Human Rights First began tracking ICE flights in July 2025. Previously, the work was done by Tom Cartwright, a retired JP Morgan executive from Ohio. Avery said their tracking data is useful to lawyers and relatives of people detained by ICE. “We definitely get outreach from lawyers who might be concerned that the administration has flown someone in violation of a court order and need to stop a flight from taking off,” she said.

Hearing held on bill to hold fossil fuel companies responsible for climate-related disasters

State Senator Scott Weiner and fire survivors are pushing for a bill that would allow the state attorney general to seek damages from oil companies for their role in causing climate-disasters like fires and floods. The goal is to help blunt rising insurance costs.

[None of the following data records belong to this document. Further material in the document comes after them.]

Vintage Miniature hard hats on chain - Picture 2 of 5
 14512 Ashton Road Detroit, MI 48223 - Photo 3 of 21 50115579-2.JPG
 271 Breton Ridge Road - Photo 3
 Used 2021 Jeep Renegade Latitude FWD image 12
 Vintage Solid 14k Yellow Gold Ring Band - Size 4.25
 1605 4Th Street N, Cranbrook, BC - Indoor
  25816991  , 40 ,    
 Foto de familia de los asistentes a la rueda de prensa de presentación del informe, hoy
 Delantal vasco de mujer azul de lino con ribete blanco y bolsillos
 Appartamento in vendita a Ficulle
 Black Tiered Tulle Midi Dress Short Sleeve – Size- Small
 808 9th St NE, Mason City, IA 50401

“With the cost of home insurance shooting through the roof and more and more families getting rejected by private insurers, we have to do everything we can to stabilize the market and boost affordability,” said Senator Wiener. “The Affordable Insurance and Recovery Act takes an innovative approach to this problem by shifting the cost of wildfires and other climate-driven disasters from the survivors who are suffering to the fossil fuel giants most responsible. No one should be be pushed out of their home by insurance costs, and the AIR Act will take an important step to ensuring they won’t be.”

Gayle Ali and her husband Rasheed are 30-year residents of Altadena. They were celebrating their wedding anniversary when the Eaton Fire destroyed their house. She said she’s learned since the fire that industry leaders knew in the 80s their products would cause catastrophes, like the fire that wiped out the family’s home, photos, music studio. “We’re really hurting. To the oil corporations, we could use your help. We support SB 982 because it simply asks oil corporations to also pay their fair share,” she said during a recent hearing in Sacramento.

SB 982 is a streamlined version of a bill that did not pass last year. That would have allowed citizens to sue fossil fuel companies directly. This version allows only the state attorney general to seek damages. Opponents say the bill would raise gas prices and kill jobs.

California attorney who tried to help overturn 2020 election loses law license

A California attorney who aided President Donald Trump’s efforts to overturn the 2020 presidential election results has lost his license to practice in the state.

The California Supreme Court on Wednesday ordered John Eastman disbarred and his name stricken from the state roll of attorneys. It caps a yearslong effort by the state bar to strip Eastman of his law license after he developed a legal strategy to have then-Vice President Mike Pence interfere with the certification of Joe Biden’s presidential victory.

A judge for the State Bar Court of California in 2024 recommended that he lose his California law license. Eastman argued he was being punished for simply giving legal advice. George Cardona, chief trial counsel for the State Bar of California, said Wednesday’s decision follows clear evidence that Eastman “advanced false claims about the 2020 presidential election to mislead courts, public officials, and the American public.”

Eastman’s attorney, Randall Miller, said the decision “raises pivotal constitutional concerns” and that they plan to seek review in the U.S. Supreme Court. The ruling, he said in a statement, “departs from long-standing United States Supreme Court precedent protecting First Amendment rights, especially in the attorney discipline context.”

Eastman was a close adviser to Trump in the run-up to the Jan. 6, 2021, attack on the U.S. Capitol. He wrote a memo laying out a plan for Pence to reject legitimate electoral votes for Biden while presiding over the joint session of Congress on Jan. 6 in order to keep Trump in the White House.